Elle appelle à adopter une autre stratégie sécuritaire et judiciaire à la lumière de ces attaques. Hier matin, la situation était «stable» à Ben Guerdane et les autorités ont annoncé avoir saisi d’importantes quantités d’armes de guerre et des munitions. Le couvre-feu reste toujours en vigueur.


Ben Gardane, un échec malgré tout

par Tunis, Kmar Bendana

L’attaque de Ben Gardane du 7 mars est grave mais elle n’est ni démobilisatrice ni dénuée de signaux positifs. Il n’y a qu’à voir la manière dont les forces armées et les habitants de Ben Gardane ont réagi. On se rappelle les prises de Mossoul et un peu moins la prise de Sabrata que les médias ont relayées. On a vu des populations quitter les lieux et des images qui montrent une défaite… (alors que d’autres populations sont restées sur place). Les vidéos qui circulent en Tunisie montrent un soutien de la population aux forces locales. Sept (7) civils sont morts à côté des onze (11) policiers et soldats qui sont tombés. Le soutien spontané apporté à l’armée et la police (dépassées mais pas sans ressort) a été lourd en pertes…35 attaquants ont été abattus et 7 ont été pris vivants. Les poursuites continuent : un couvre-feu a été décidé dans la ville en fin de journée.

Mon opinion est que nos «terroristes» sont coincés, peut-être bloqués dans leurs mouvements. Il semble qu’ils piaffent d’impatience et on peut supposer que cette attaque est un double test de la part de leurs «dirigeants» (cachés et téléguidant des opérations qui ne leur coûtent rien) : un test des forces en face (et le message est clairement en faveur des soldats tunisiens aussi désorganisés et infiltrés soient-ils) et un test des troupes «jihadistes» constituées depuis des mois (des années ?) et qui tiennent à livrer leur «jihad»… J’ai le sentiment d’un gâchis hélas, mais que l’appel à l’attaque ait été donné en sortant de la mosquée à 5 h du matin est une erreur «stratégique». Un témoin raconte que l’appel à la prière était inhabituel, probablement codé.
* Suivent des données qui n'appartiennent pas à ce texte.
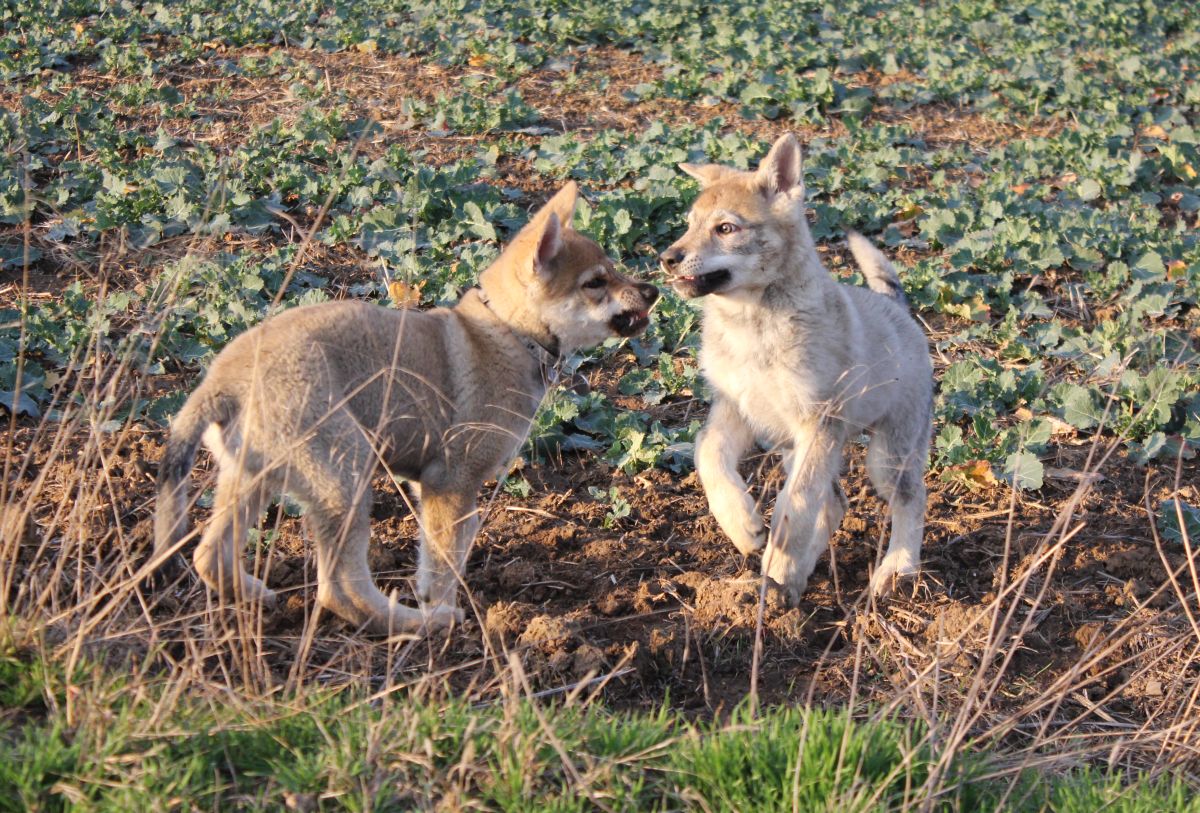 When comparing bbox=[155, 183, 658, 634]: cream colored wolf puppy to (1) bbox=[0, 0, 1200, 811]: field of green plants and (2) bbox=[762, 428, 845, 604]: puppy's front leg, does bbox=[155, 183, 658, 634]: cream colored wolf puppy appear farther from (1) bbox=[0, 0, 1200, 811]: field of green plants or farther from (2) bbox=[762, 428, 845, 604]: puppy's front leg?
(2) bbox=[762, 428, 845, 604]: puppy's front leg

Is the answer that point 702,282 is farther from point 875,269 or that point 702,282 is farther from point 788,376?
point 875,269

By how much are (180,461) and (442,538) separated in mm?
1210

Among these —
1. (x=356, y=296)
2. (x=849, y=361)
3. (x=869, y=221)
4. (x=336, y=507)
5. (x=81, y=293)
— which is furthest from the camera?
(x=869, y=221)

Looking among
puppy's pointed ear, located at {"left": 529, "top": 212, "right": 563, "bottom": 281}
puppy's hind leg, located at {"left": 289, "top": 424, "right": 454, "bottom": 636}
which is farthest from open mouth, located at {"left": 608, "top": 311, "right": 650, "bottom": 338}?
puppy's hind leg, located at {"left": 289, "top": 424, "right": 454, "bottom": 636}

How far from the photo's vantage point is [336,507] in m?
4.53

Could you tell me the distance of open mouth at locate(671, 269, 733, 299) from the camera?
5.40m

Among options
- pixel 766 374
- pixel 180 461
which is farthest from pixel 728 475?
pixel 180 461

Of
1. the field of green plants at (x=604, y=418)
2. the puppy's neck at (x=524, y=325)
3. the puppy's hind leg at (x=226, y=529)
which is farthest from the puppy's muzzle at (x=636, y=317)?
the puppy's hind leg at (x=226, y=529)

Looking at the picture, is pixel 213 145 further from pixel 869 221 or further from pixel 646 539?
pixel 646 539

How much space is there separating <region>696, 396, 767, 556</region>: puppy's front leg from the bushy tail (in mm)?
1356

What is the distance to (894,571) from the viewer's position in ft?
18.3

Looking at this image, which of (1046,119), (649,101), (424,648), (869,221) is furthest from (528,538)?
(1046,119)

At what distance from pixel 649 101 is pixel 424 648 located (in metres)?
8.57

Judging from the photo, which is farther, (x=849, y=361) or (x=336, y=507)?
(x=849, y=361) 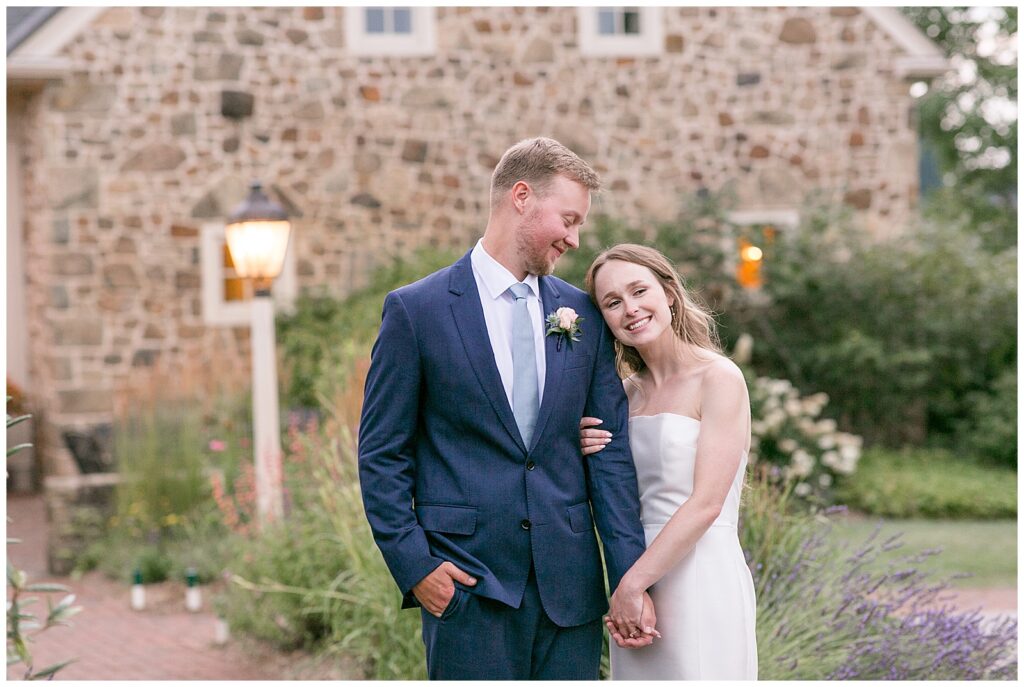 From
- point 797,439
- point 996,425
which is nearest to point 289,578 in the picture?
point 797,439

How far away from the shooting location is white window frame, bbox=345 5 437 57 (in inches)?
443

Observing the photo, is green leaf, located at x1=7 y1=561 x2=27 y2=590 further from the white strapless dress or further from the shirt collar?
the white strapless dress

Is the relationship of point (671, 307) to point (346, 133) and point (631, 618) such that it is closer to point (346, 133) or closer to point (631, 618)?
point (631, 618)

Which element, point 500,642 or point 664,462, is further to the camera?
point 664,462

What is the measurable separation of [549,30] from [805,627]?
Result: 841 centimetres

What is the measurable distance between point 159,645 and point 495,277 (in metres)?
4.33

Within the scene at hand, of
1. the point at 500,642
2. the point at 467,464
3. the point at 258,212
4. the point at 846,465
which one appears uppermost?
the point at 258,212

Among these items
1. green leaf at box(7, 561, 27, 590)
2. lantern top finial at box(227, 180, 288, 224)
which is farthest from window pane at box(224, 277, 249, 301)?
green leaf at box(7, 561, 27, 590)

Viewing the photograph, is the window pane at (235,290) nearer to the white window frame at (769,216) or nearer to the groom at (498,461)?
the white window frame at (769,216)

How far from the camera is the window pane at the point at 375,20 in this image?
11.4 meters

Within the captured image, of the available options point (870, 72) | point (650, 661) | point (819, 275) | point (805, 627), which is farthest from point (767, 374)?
point (650, 661)

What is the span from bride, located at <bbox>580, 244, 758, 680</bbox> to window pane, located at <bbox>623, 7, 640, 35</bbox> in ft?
30.0

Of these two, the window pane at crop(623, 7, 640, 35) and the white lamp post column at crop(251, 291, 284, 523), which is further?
the window pane at crop(623, 7, 640, 35)

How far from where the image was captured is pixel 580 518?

Ce qui nous rappelle que du travail est à faire pour contrôler les mosquées et les financements des associations «caritatives».

Le gouvernement actuel a un programme à réaliser sur ce plan. Bien entendu, il ne faut pas oublier les contrebandiers, particulièrement actifs dans le sud et dans les zones frontalières. Ils sont liés aux hommes d’affaires tunisiens qui ont, eux aussi, une responsabilité dans ce chaos meurtrier.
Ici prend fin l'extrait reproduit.